= TASK DIRECTIONS =
From the records below, please repeat exactly the line that has "CKM Abstract Print Harem Pants Multi Blue", the line that has "Portsmouth Upholstered Dining", and every line between them, and nothing else.

= SOURCE MATERIAL =
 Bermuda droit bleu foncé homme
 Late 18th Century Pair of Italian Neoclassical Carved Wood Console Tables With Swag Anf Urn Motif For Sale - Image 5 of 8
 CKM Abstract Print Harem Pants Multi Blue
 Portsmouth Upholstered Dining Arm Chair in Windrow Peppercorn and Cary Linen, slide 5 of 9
* * *
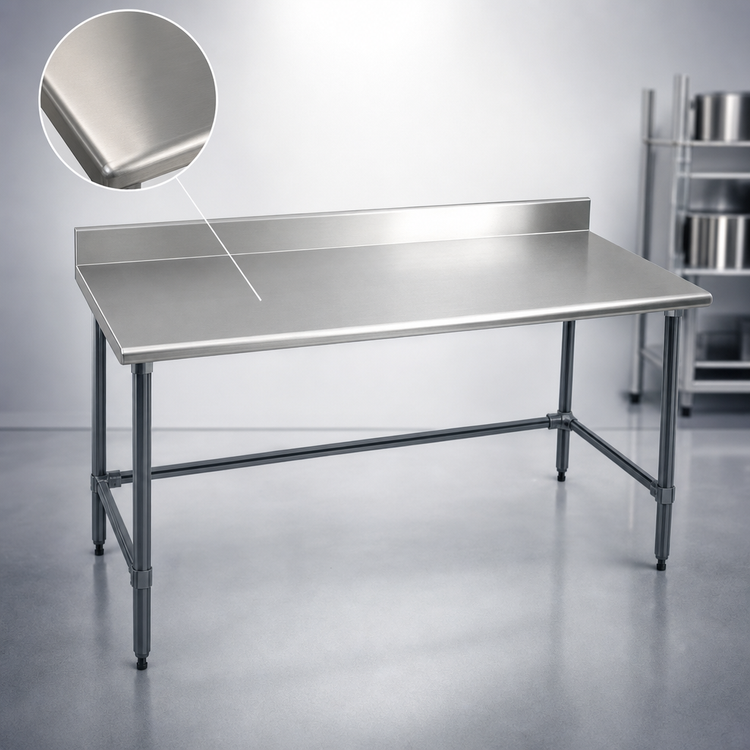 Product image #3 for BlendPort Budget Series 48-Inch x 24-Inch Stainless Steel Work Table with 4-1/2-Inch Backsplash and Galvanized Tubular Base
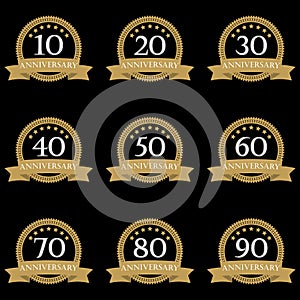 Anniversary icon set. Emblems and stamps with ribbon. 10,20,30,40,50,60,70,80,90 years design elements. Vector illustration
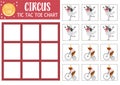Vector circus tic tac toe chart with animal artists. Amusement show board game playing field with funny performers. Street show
--
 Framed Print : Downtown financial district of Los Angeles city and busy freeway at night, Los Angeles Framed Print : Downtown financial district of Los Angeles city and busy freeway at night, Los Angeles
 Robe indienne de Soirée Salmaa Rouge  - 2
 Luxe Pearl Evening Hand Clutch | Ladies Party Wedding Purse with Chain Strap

= ANSWER FOR THE TASK =
 CKM Abstract Print Harem Pants Multi Blue
 Portsmouth Upholstered Dining Arm Chair in Windrow Peppercorn and Cary Linen, slide 5 of 9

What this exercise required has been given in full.